It was a great visit, even if I did feel like I was on mute the whole time. I'd wanted to hit a few Halloweeny notes... pumpkin bread, spooky cookies, jack-o-lanterns, spiced apple something. I managed all but the pumpkin bread, but it was still like I was standing, um, still.
Everything pales in comparison to Art and Jess, who "manage" their three (3) boys, two (2) professional careers and approximately one hundred kick ass neighbors in their kick ass suburban neighborhood of, wait for it, Niskayuna*-- and all before 9:30pm, which is the time every night that they have dessert by themselves, because their school-agers have turned their lights off and their baby sleeps 11 to 12 hours a night. It was humbling, though completely lovely, to bask in their glow and enjoy a mildly rainy New York autumn-ber while Penn lost his mind over his cousin's Lego collection.
I do have a tendency to expect too much of myself. ("Ya think?" Amy would say.) While I didn't make it to Dunkin Donuts for a seasonally-appropriate donut and a bag of my co-blogger's beloved coffee beans, I did check out a Thursday morning farmer's market in downtown Schenectady, and an independent bookstore that charmed Penn with its childrens' nook and tiny chairs. ("Forklifts, Mommy!").

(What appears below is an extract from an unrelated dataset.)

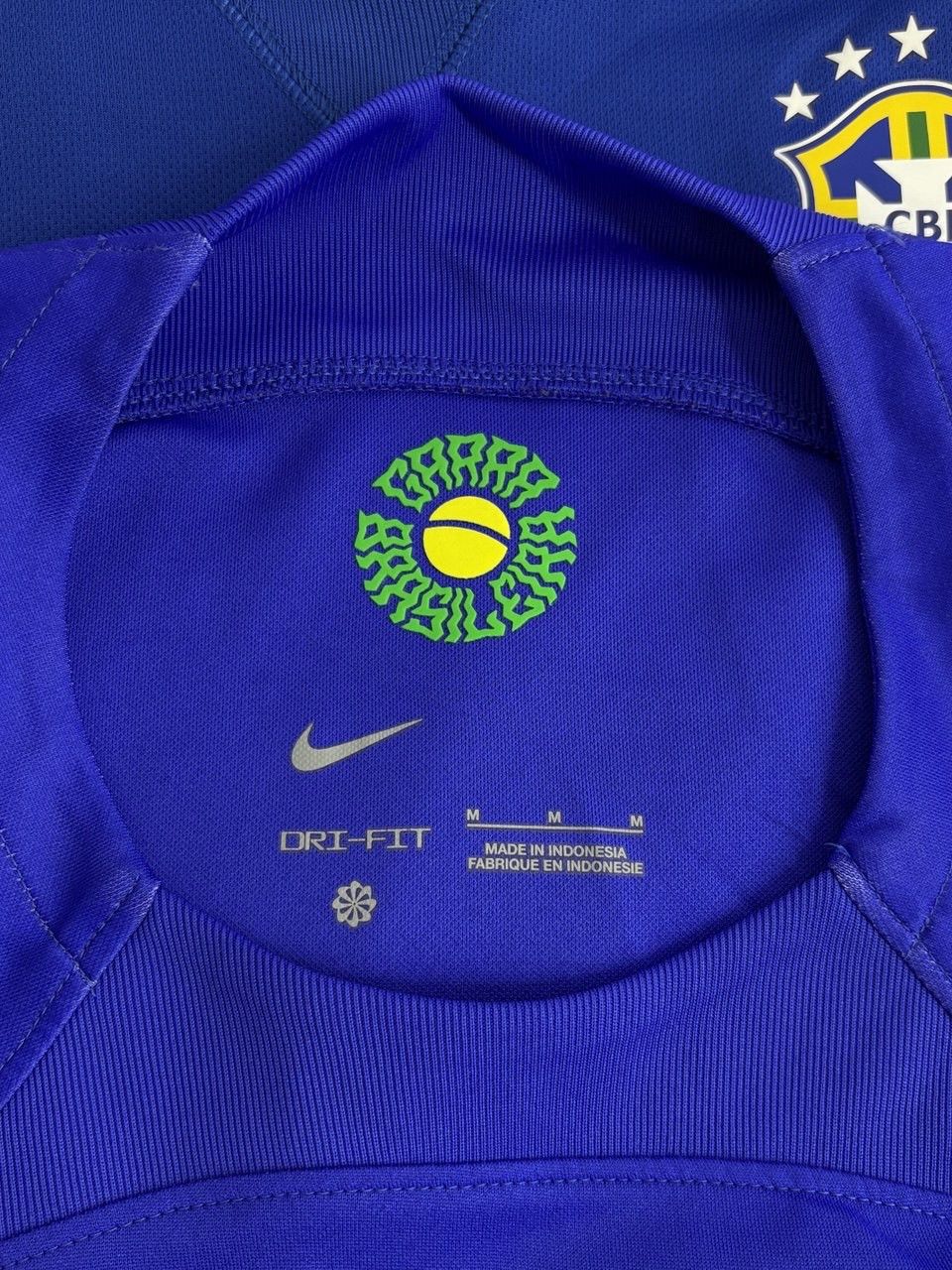 Nike Nike Brazil 2022 Away Soccer Jersey Size US M / EU 48-50 / 2 - 16 Thumbnail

We got to talk to a city worker down a man-hole, and marveled at the hundreds of backhoes and asphalt spreaders scattered around the Stockade. Schenectady is one of those perfectly broody, Nor'eastern American cities that sparkle when you visit them in the fall. Blue-collared and cool, with rain-bright foliage and sunsets that leave the city on fire.
*As if Schenectady weren't hard enough on the tongue.